The treatment didn't help everyone, however: Only about a quarter of patients responded to the drug.

Still, any advance for this patient population is sorely needed, experts say. That's because about half of advanced bladder cancer patients cannot receive chemotherapy because they're too old to withstand chemo's toxic effects, explained Balar, who is assistant professor of medicine at Perlmutter Cancer Center at NYU Langone in New York City.

He noted that the average patient age for this disease is 70.

Other patients can't receive chemotherapy because they're suffering from kidney failure or other health problems, said Dr. Elizabeth Plimack, who reviewed the study findings. She directs genitourinary clinical research at Fox Chase Cancer Center in Philadelphia.
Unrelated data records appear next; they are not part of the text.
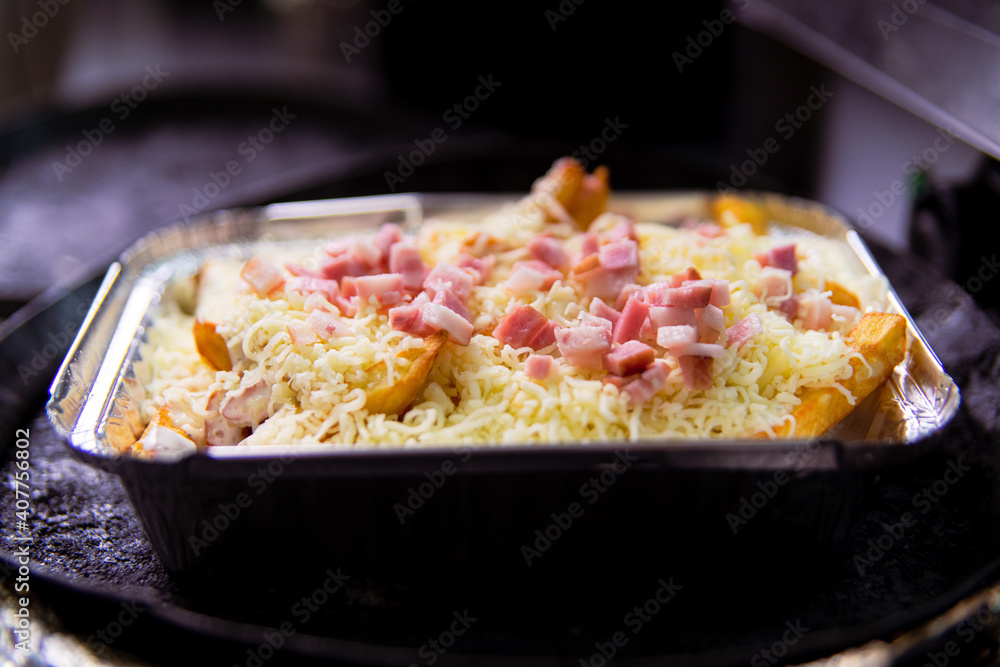 bandeja de patatas fritas con queso y jamón lista para hornear bandeja de patatas fritas con queso y jamón lista para hornear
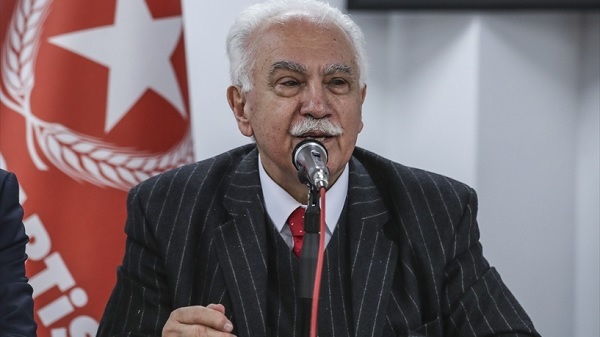 Perinçek: “Akşener’in Türkiye’nin anayasa geleneğini öğrenmesi gerekiyor”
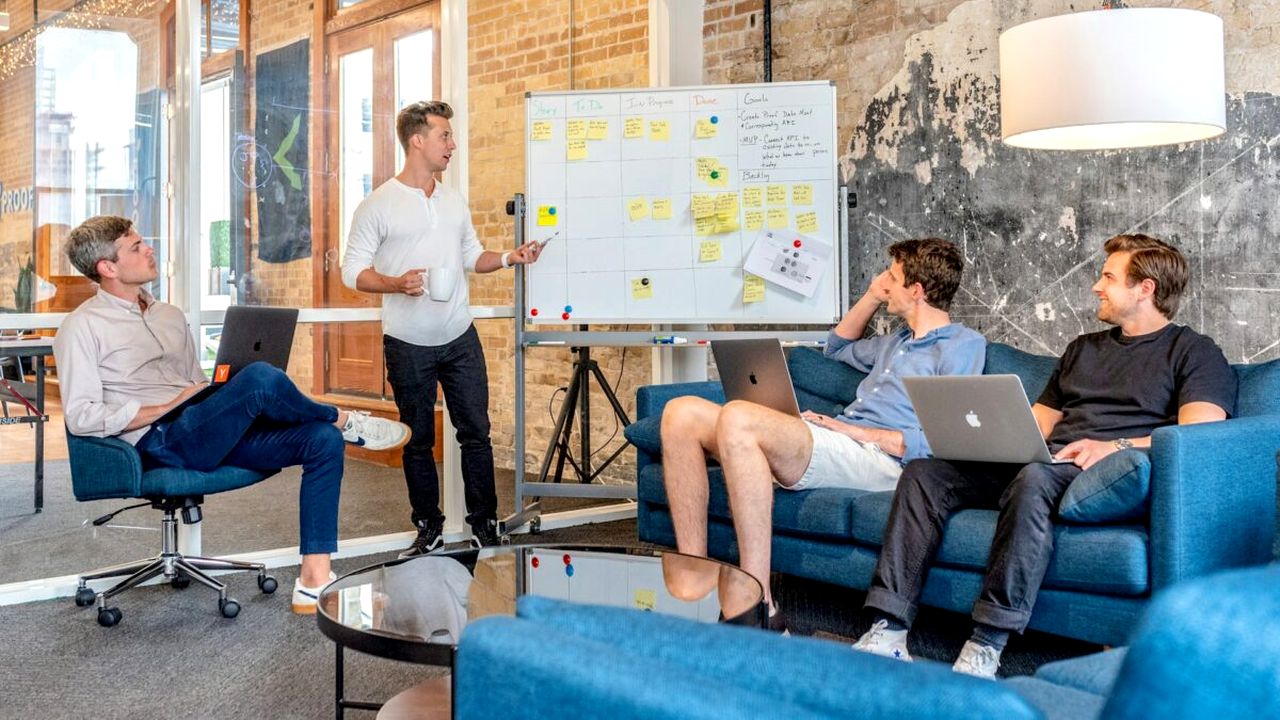 Five Romanian startups compete for funding and access to an international program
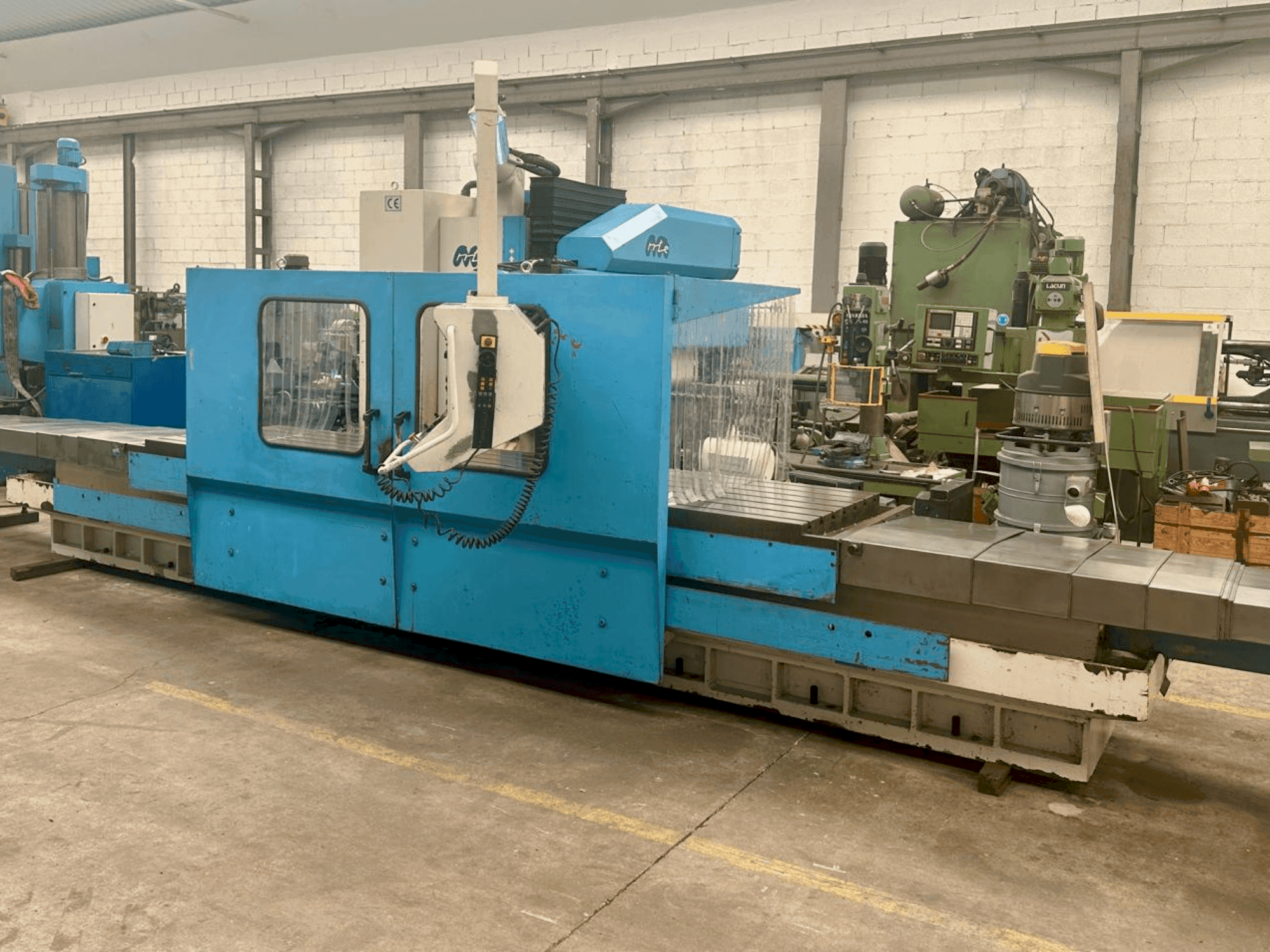 Vooraanzicht  van MTE BF 4200  machine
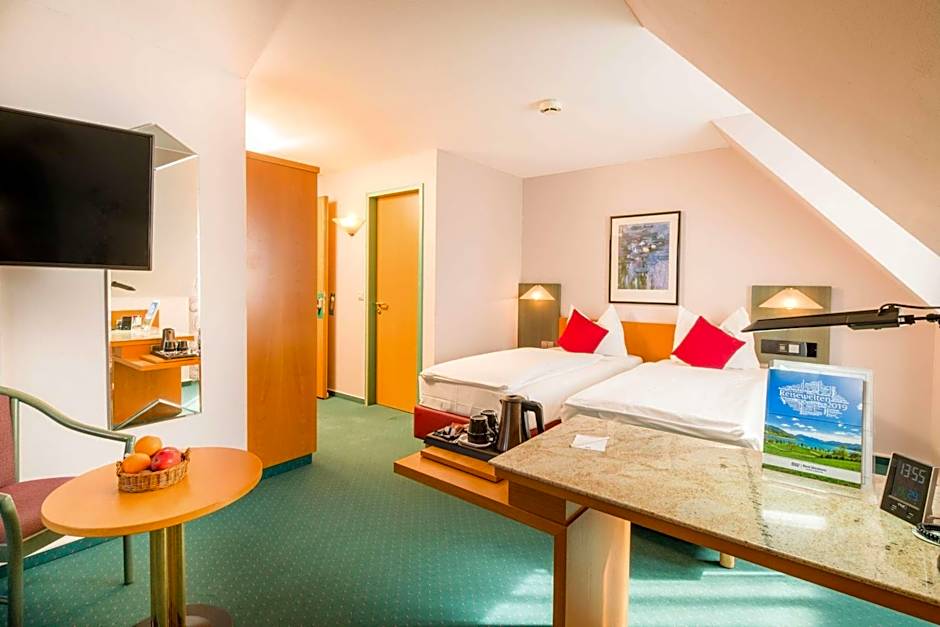 PLAZA Hotel Blankenburg Ditzingen, Sure Hotel Collection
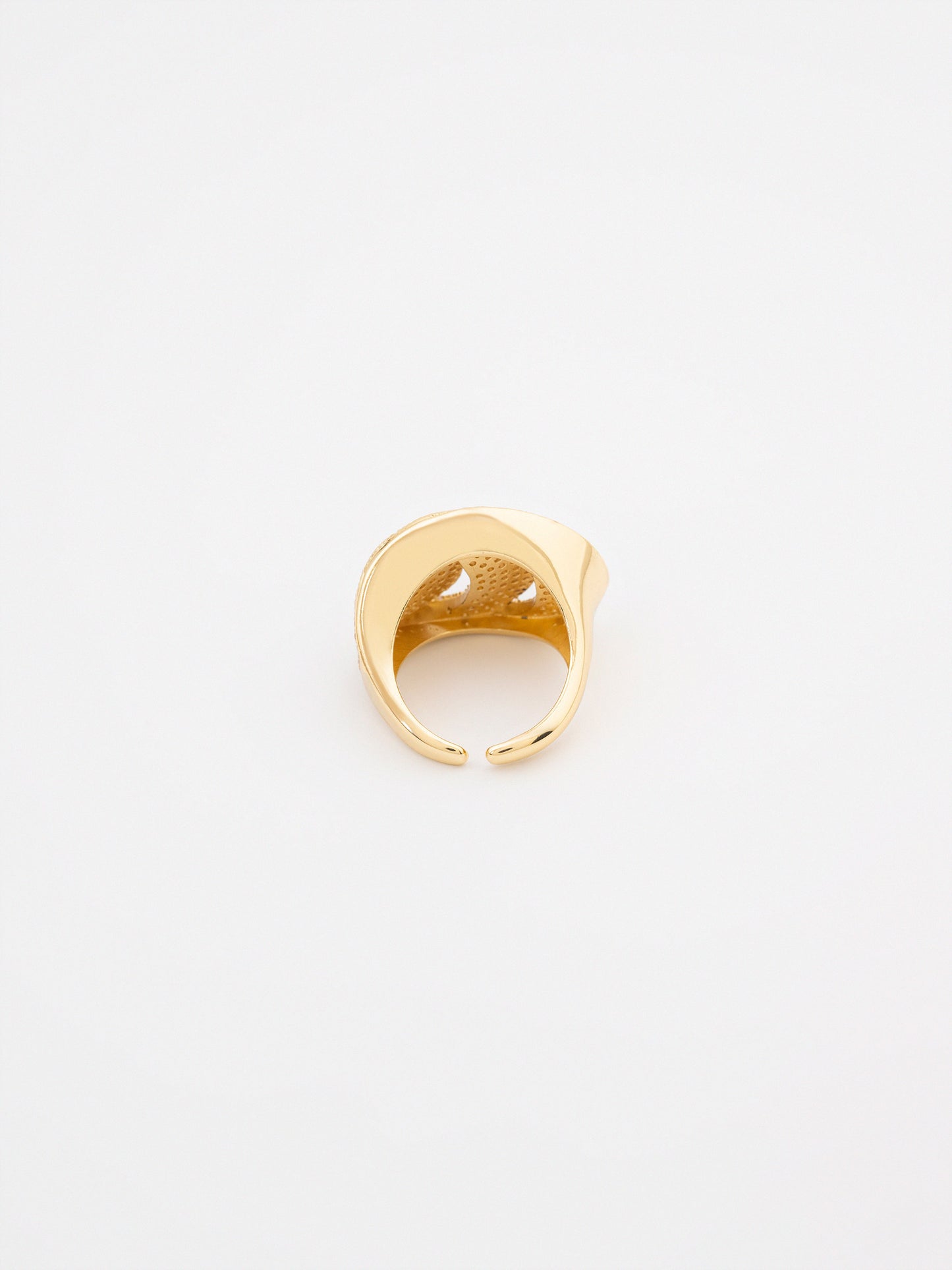 Crossover Ring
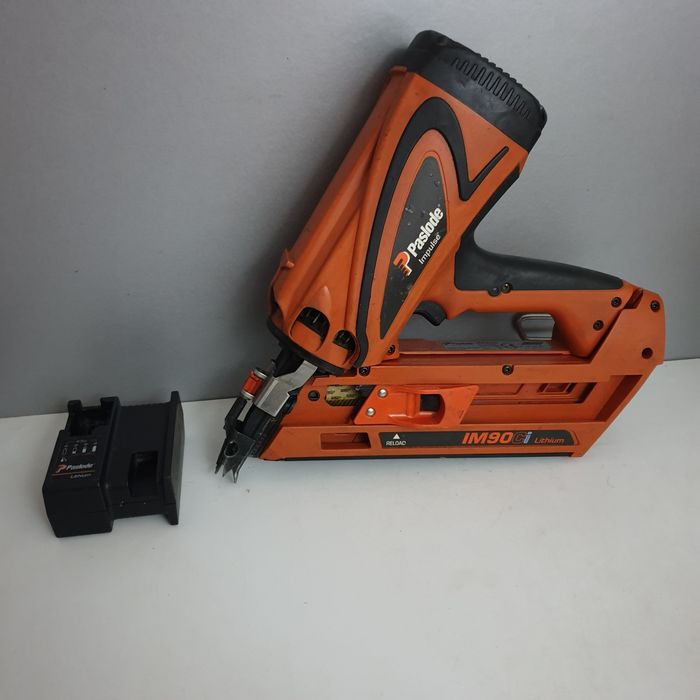 Paslode IM 90 Pistol de puscat cuie în lemn 90MM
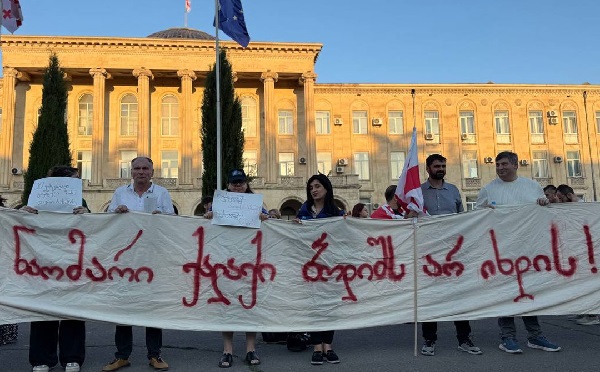 მოქალაქეები გორის საკრებულოს შენობასთან საპროტესტო აქციაზე შეიკრიბნენ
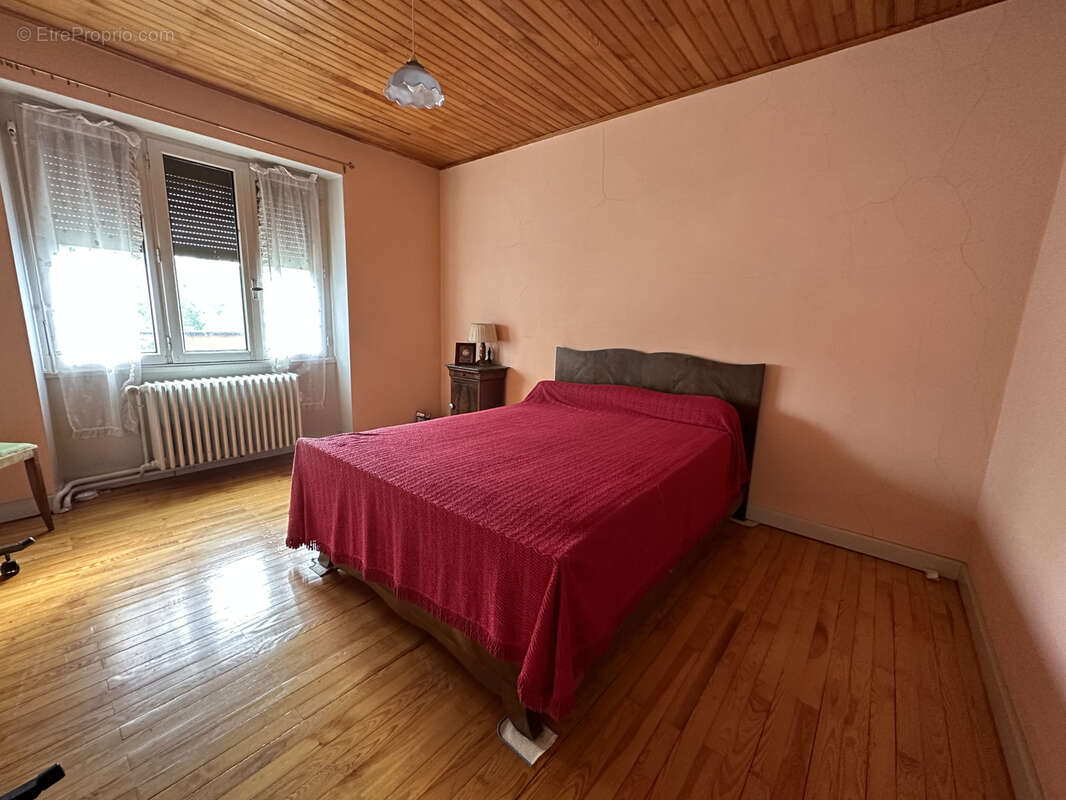 Maison à SAINT-HOSTIEN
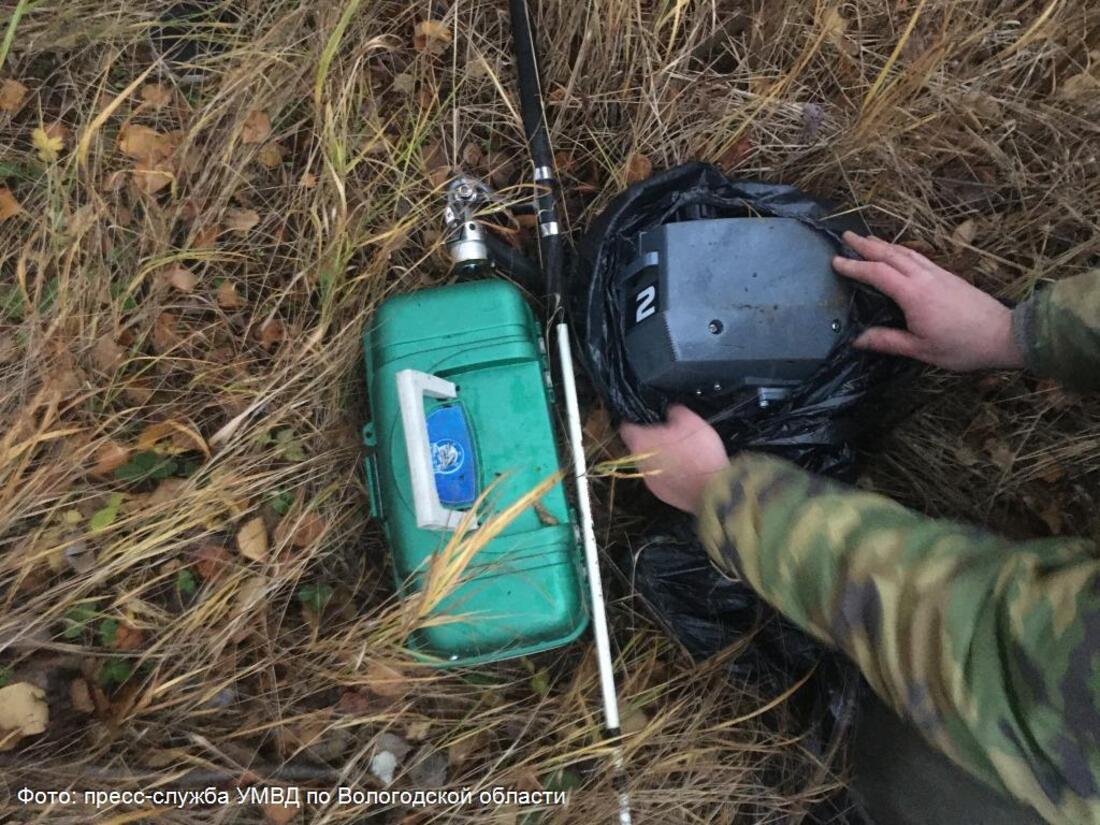В Вытегорском районе подросток вместе с приятелем украли лодочный мотор и спиннинги 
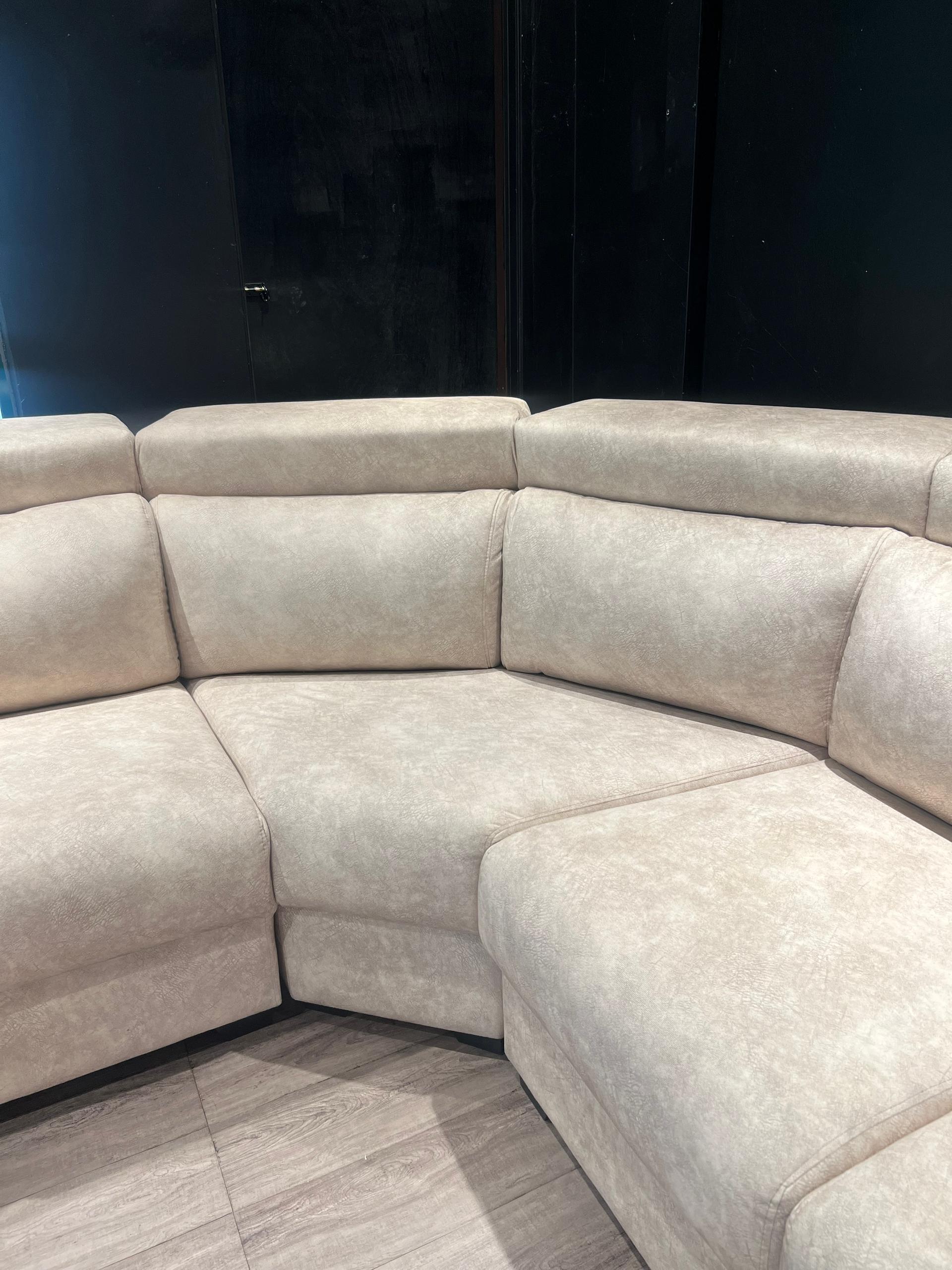 Grand Corner Sofa gallery photo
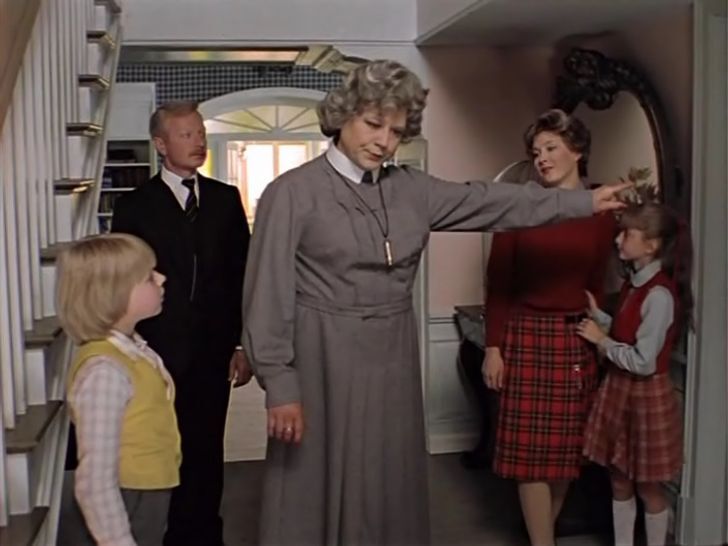 ۹ ویژگی رفتاری کسانی که بویی از ادب و تربیت نبرده اند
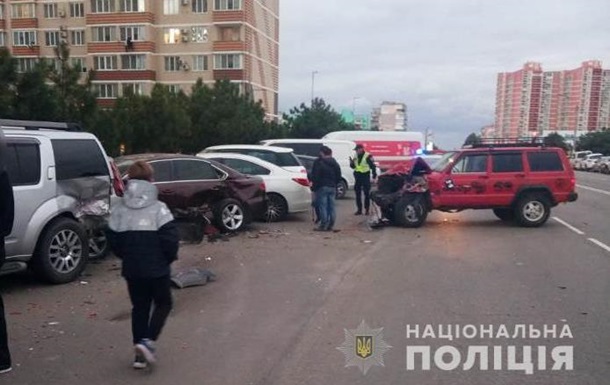 Ничего не помнит: подросток протаранил 6 машин на парковке в Одесской области (фото)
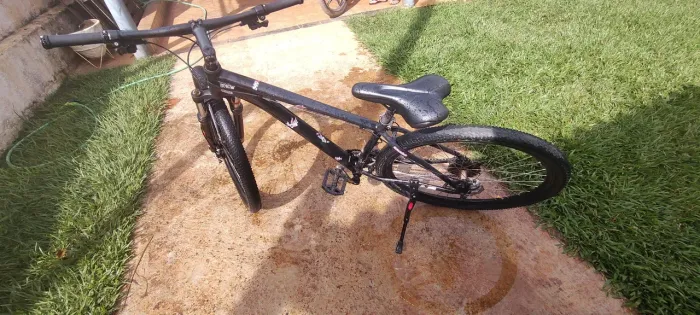 Bike aro 29 câmbio,freio tudo Shimano freio a disco tudo novo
This means that chemo is currently the only approved first-line treatment for bladder cancer.

"After that, there are no other standard therapies," Balar said. "These patients are really out of other options."

But, the new results suggest Tecentriq may serve as a significant advance for at least some of those patients, he said.

The drug's maker, Genentech, helped fund the study, which was presented Sunday at the American Society for Clinical Oncology annual meeting in Chicago.

As the researchers explained, cancers evade the immune system by switching off the ability of immune system cells to recognize tumor cells as a harmful intruder. Immunotherapy drugs like Tecentriq essentially remove cancer's "cloaking device" -- allowing the immune system to identify, target and destroy malignant cells.

The U.S. Food and Drug Administration approved Tecentriq last month for use in treating bladder cancer for patients who've already gone through chemotherapy. It's the first new medication approved in more than three decades for bladder cancer, Balar said.